4.2.1 Grounded Theory

Strauss (1987, p. 5) states that ‘Grounded Theory” was developed by Glaser and Strauss in the early 1960’s during a field observational study of hospital staff’s handling of dying patients. In this approach to research, a theory is inductively derived from the collected data and is said to be to be ‘grounded in that data’. In the same text Strauss states that the theory produced by the research is grounded by:

systematically and intensively analysing data, often sentence by sentence, or phrase by phrase of the field note, interview or other document; by ‘constant comparison’, data are extensively collected and coded. The focus on analysis is not merely on collecting or ordering a mass of data, but on organising many ideas, which have emerged from the analysis of the data (p. 22).

This approach of Glaser and Strauss appears to be the most suitable means of establishing a position on whether it would be beneficial to formally integrate some form of competency-based structure into the Myotherapy Degree program.

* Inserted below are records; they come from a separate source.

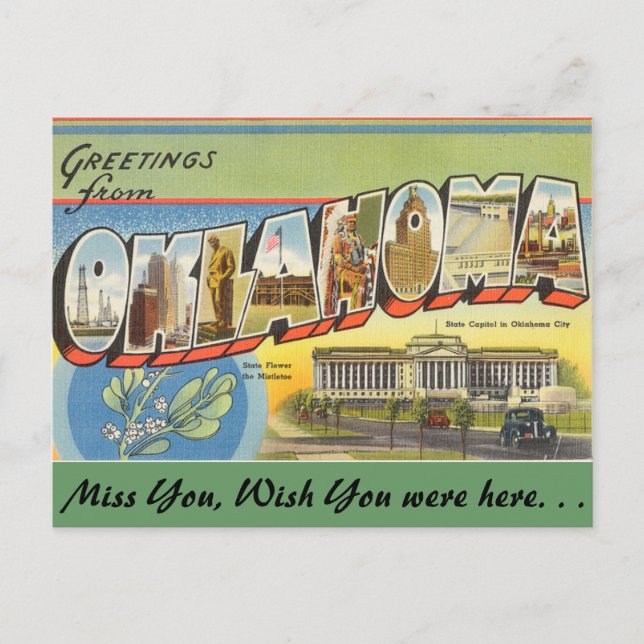 Greetings from Oklahoma Postkarte (Vorderseite)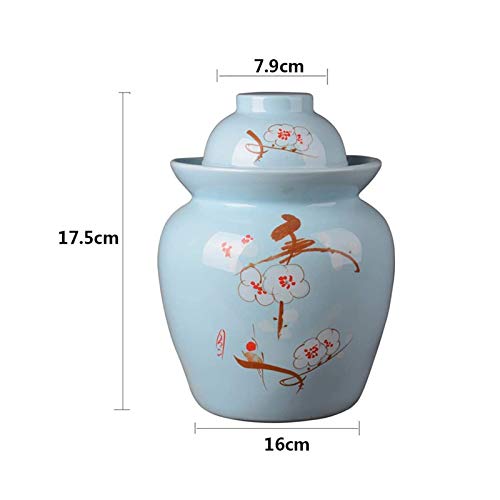 Yiyu Stock Vidrio, cerámica Tarro de la salmuera, pote Kimchi Pickles Recipiente Sellado de Carbono chucrut Vorratsglas El 1.5L Simple x (Color : A)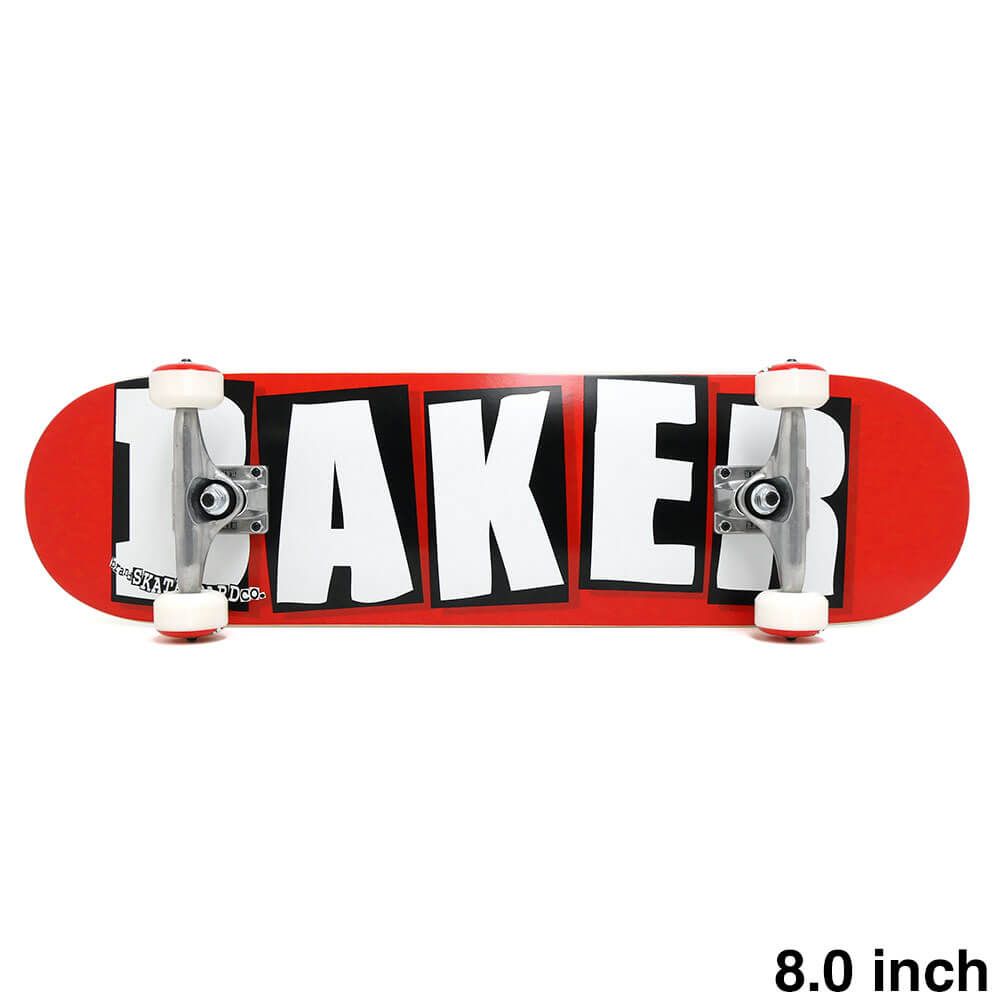 防水ケース付き BAKER ベイカー コンプリートセット スケートボード完成品 BRAND LOGO RED WHITE 8.0 スケートボード スケボー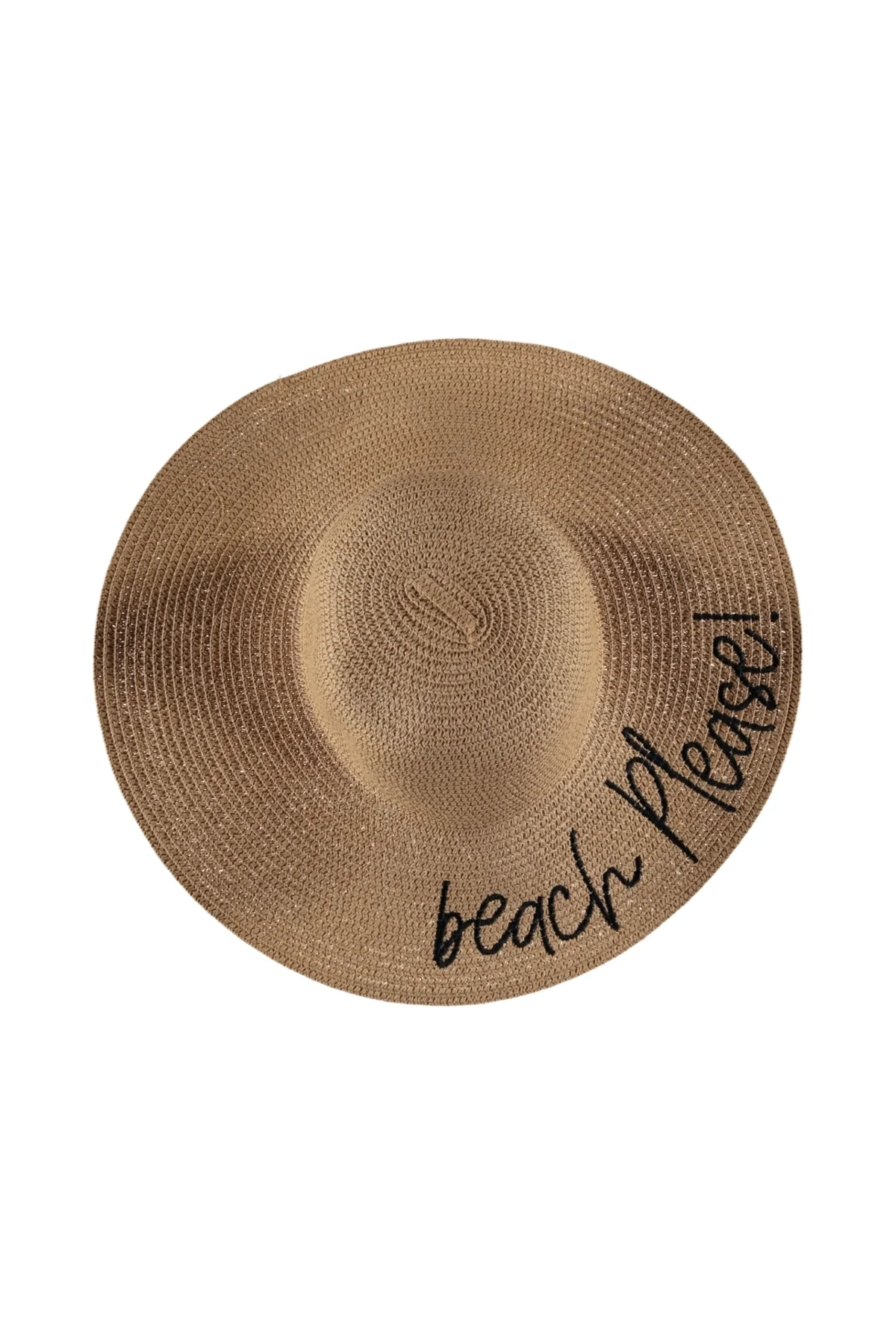 Beach Please Yazılı Hasır Plaj Şapkası - REVA Görsel 2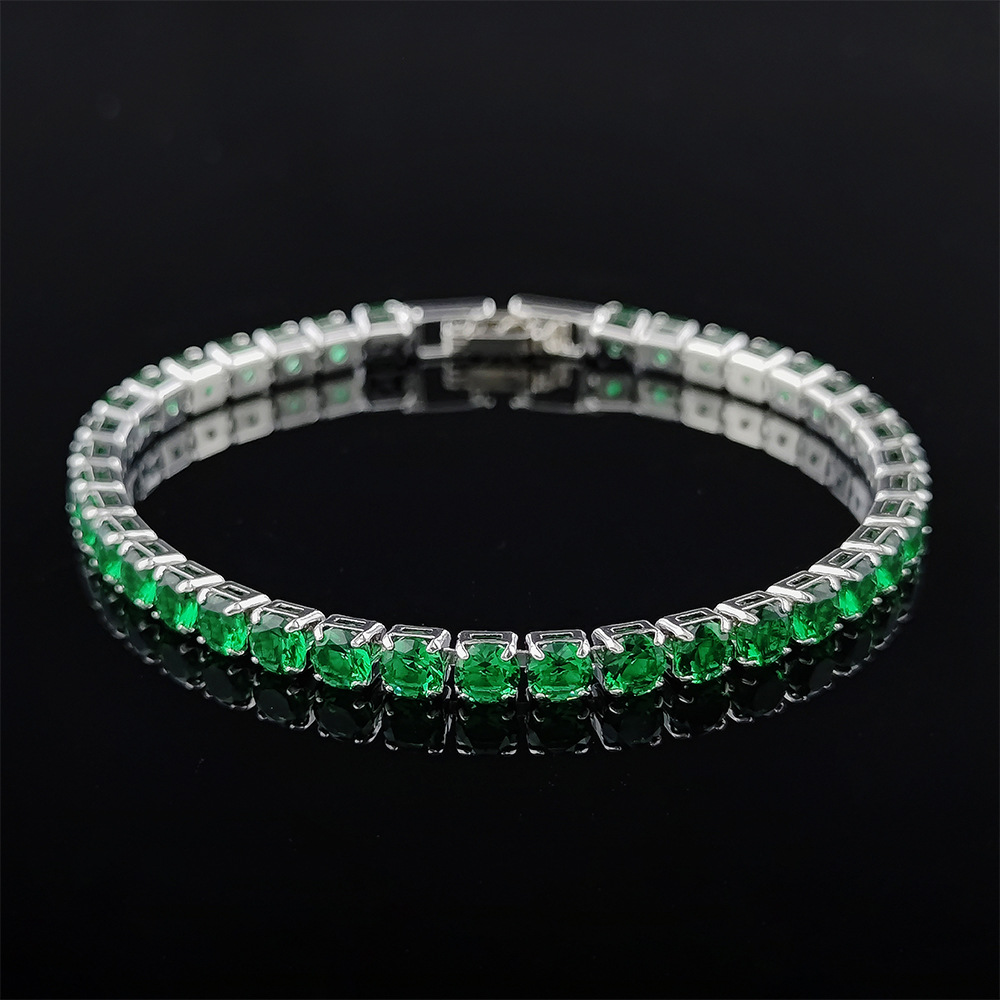 Hip Hop Tennis Armband Handstück Mehrfarbiges Zirkon Armband Damen Volldiamant Nicht verblassend S5787_voghion.com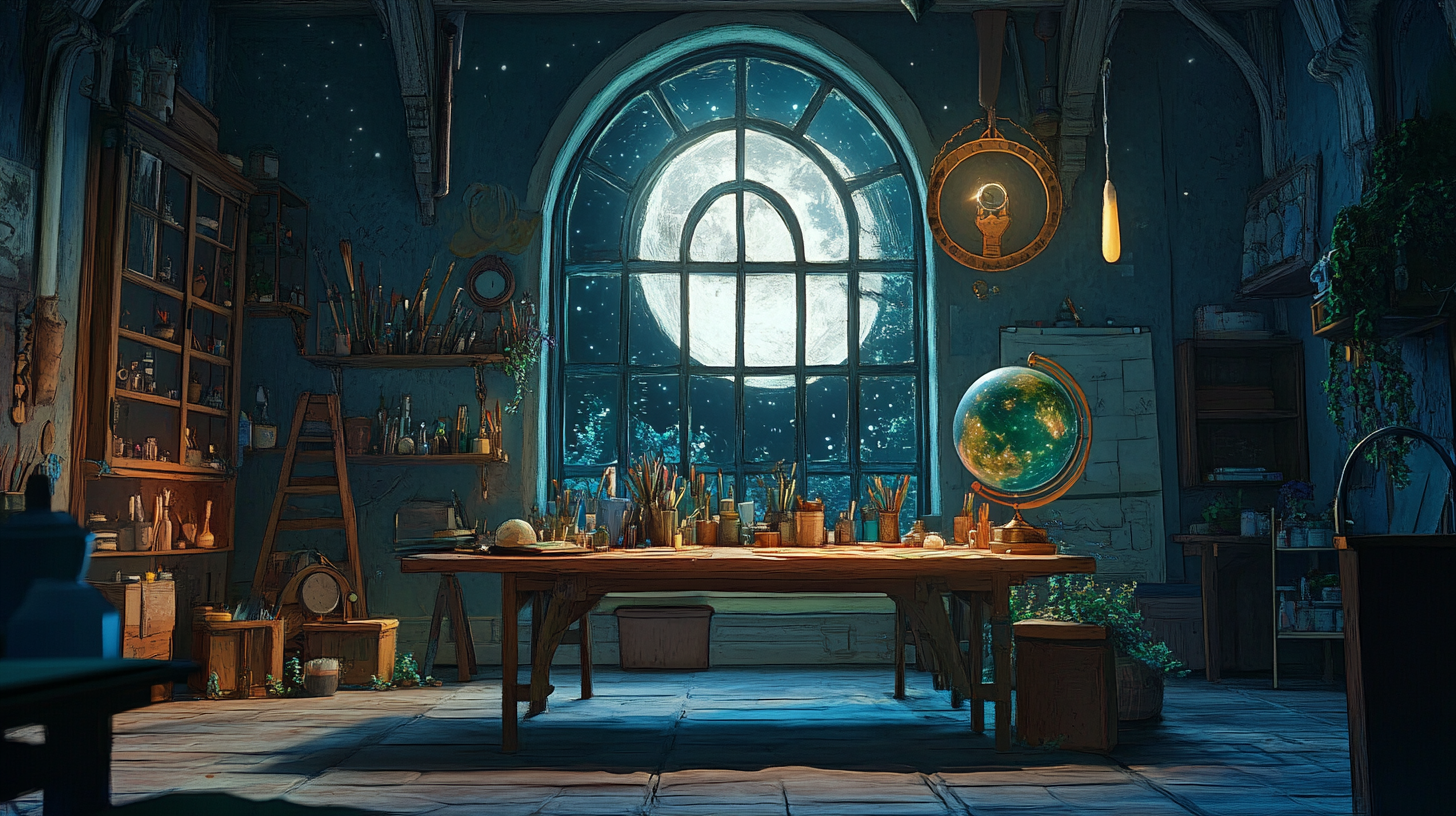 Fantasy Artists' Workshop with Magical Tools, Moonlight, and Globe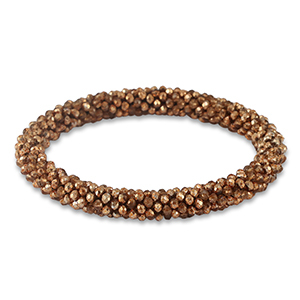 Facett Glas Armb&auml;nd Copper brown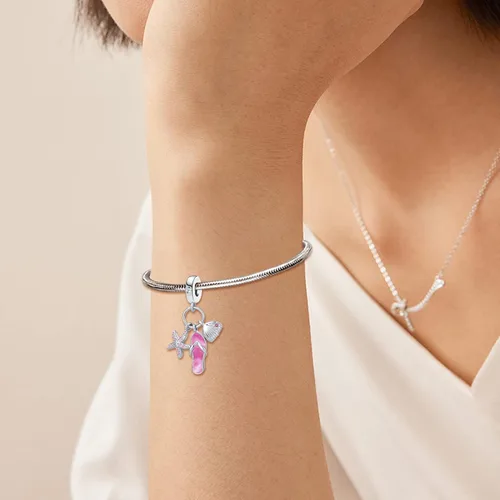 Vista 2 de QeenseKc Abalorio de tortuga marina con diseño de tortuga de animales para pulsera Pandora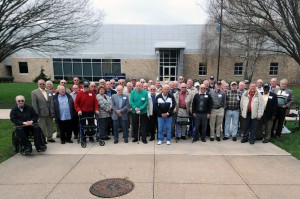 Forty-five graduates of Williamsport Technical Institute, a predecessor of Pennsylvania College of Technology from 1941-65, gather for a group photo on campus.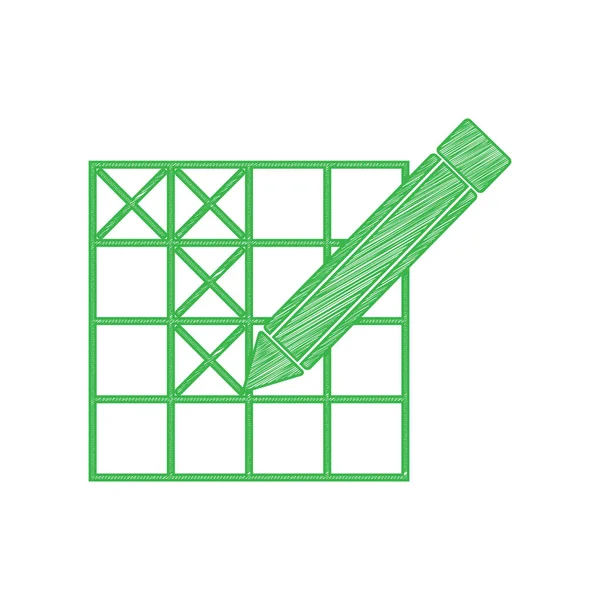 Palavra Cruzada Com Signo Lápis Ícone Bolha Verde Com Contorno —  Vetores de Stock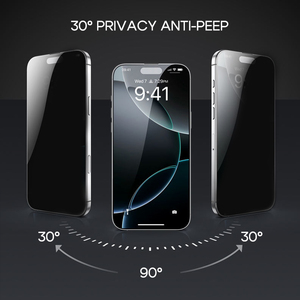 Protection d'écran en verre trempé à couverture intégrale à pose rapide pour téléphones mobiles 16/15/14/13 Pro Max 9H – Vente en gros usine - Product Image 2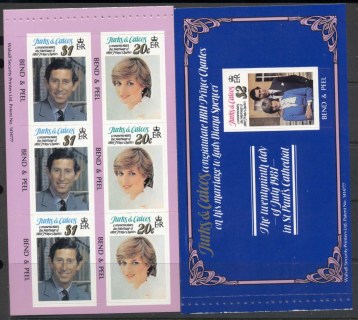 Turks-Caicos-Is-1981-Royal-Wedding-Charles-Diana-2x-PS-booklet-panes-MUH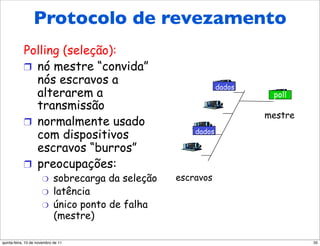 Protocolo de revezamento
            Polling (seleção):
            !  nó mestre “convida”
               nós escravos a
                                                                 dados
               alterarem a                                                poll
               transmissão
                                                                         mestre
            !  normalmente usado
               com dispositivos                          dados

               escravos “burros”
            !  preocupações:
                      "      sobrecarga da seleção   escravos
                      "      latência
                      "      único ponto de falha
                             (mestre)

quinta-feira, 10 de novembro de 11                                                35
 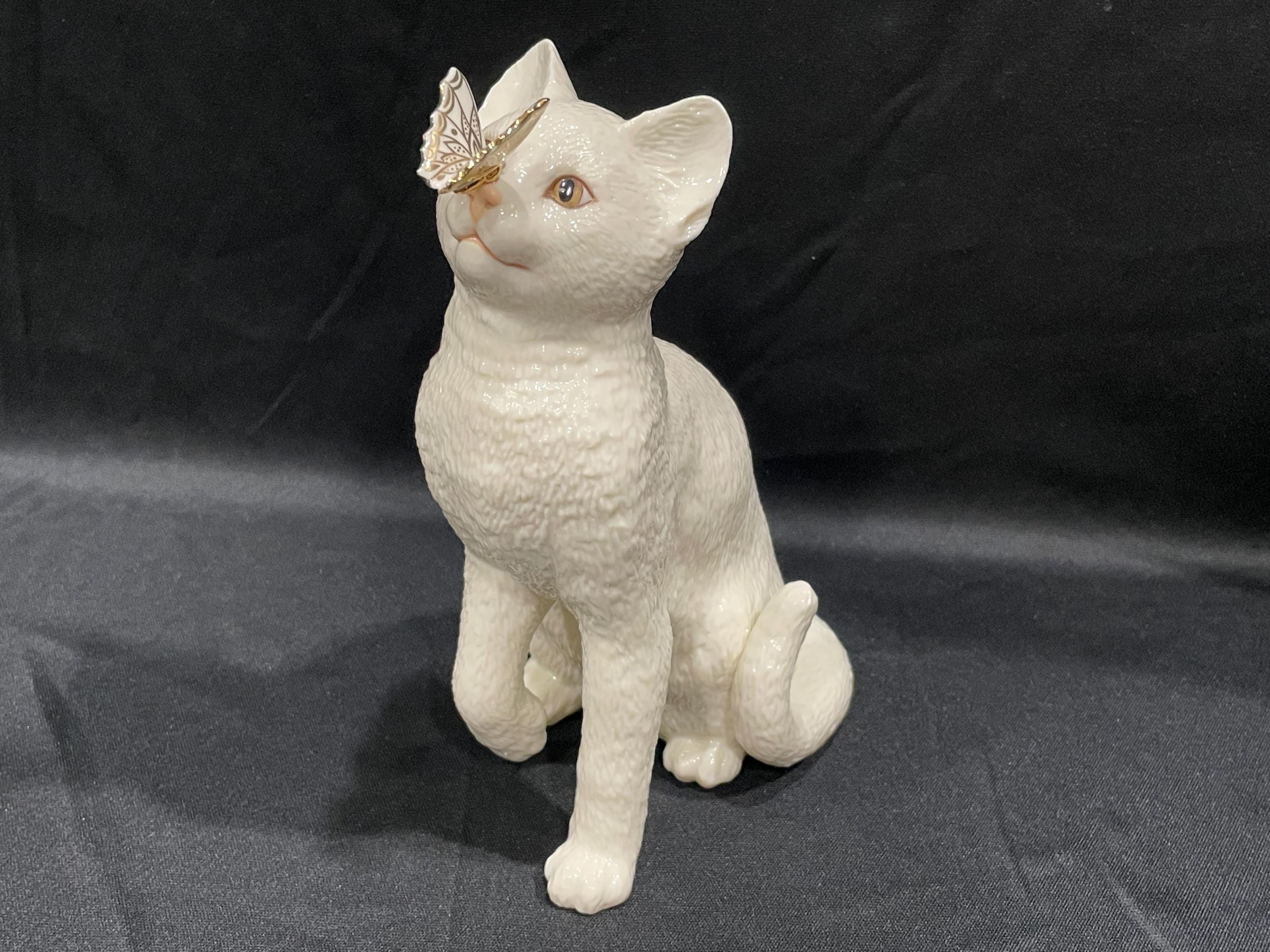 Lenox Porcelain Cat Figurine, Gold Butterfly, Eye to Eye - Etsy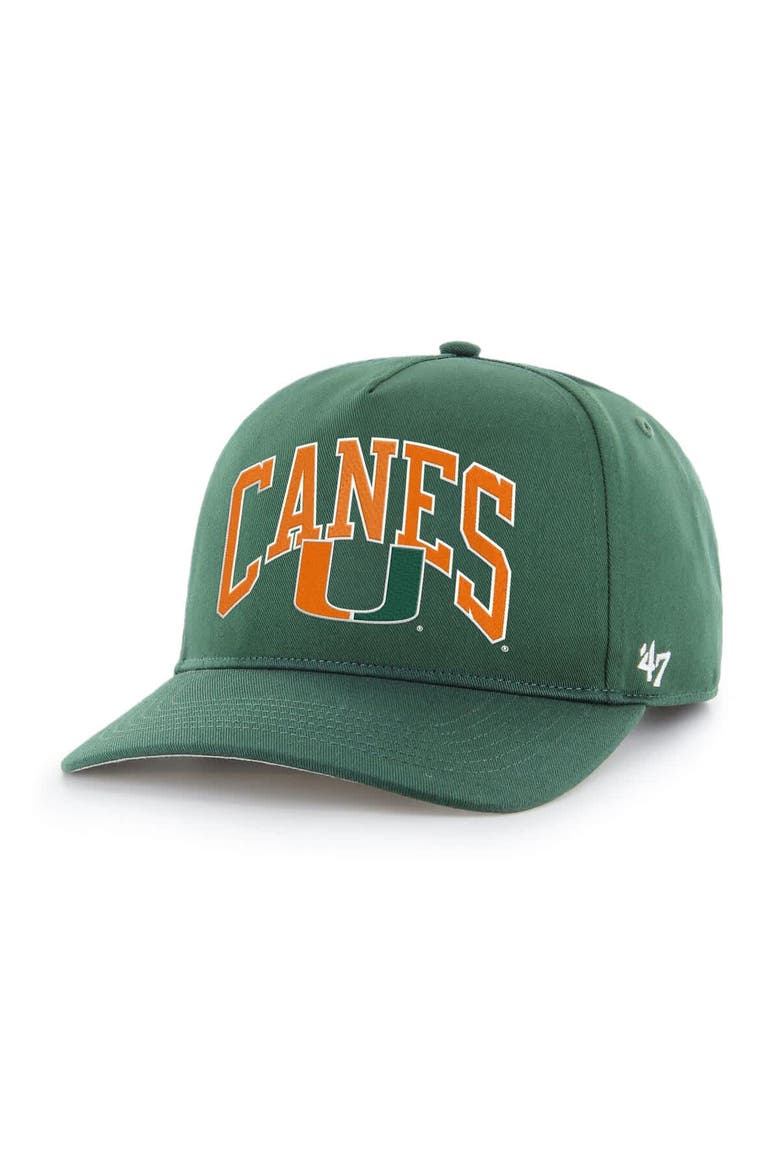 Men's '47  Green Miami Hurricanes Walk Tall Hitch Adjustable Hat, Main, color, Green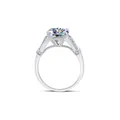 3 karaat moissanite zilveren ring met rond briljant geslepen en pavé gezette ringband - Wit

Next, in consideration of how to seek answers to the two research questions, Patton (1990, p. 70) suggests reviewing text data including excerpts and quotations from books, published papers, official publications and reports, memoranda and correspondence, and questionnaires and surveys. He also recommends that researchers take notes to provide detailed descriptions of activities, behaviours and actions from direct observations, and transcriptions of recordings of in-depth, open- ended interviews to provide direct quotations from people about their knowledge, feelings experiences and opinions.

In reviewing these options, the researcher decided that the most suitable way to obtain data relevant to answering the research questions was to interview relevant participants using in-depth, semi structured interviews. This would allow the researcher to provide participants with the opportunity to elaborate on any theme in which they held a strong view or conviction, and give examples of any particular phenomena they had experienced. It was also considered that a modified questionnaire in the form of a ‘descriptive survey’ would be a useful tool for providing foundation data and introducing the participants to the subject matter. The answers provided in the survey were reviewed by the researcher and clarified and expanded on, by the participants at the subsequent semi-structured, in depth interview interview.

In agreement with Kirk and Miller (1986), the research consists of the four basic stages as follows:

• An invention stage in which the research question is decided and a research design developed,

• A discovery stage in which data is collected,

• An interpretative stage in which analysis and theory building occurs, and • An explanation stage in which the entire research process is packaged for

communication.

This linear approach provides a pathway by which the researcher might be guided. However, it is important to realise that the use of in-depth interviews does not always conform to a neatly ordered linear approach, because in this type of research the analytic process is a constant throughout the process.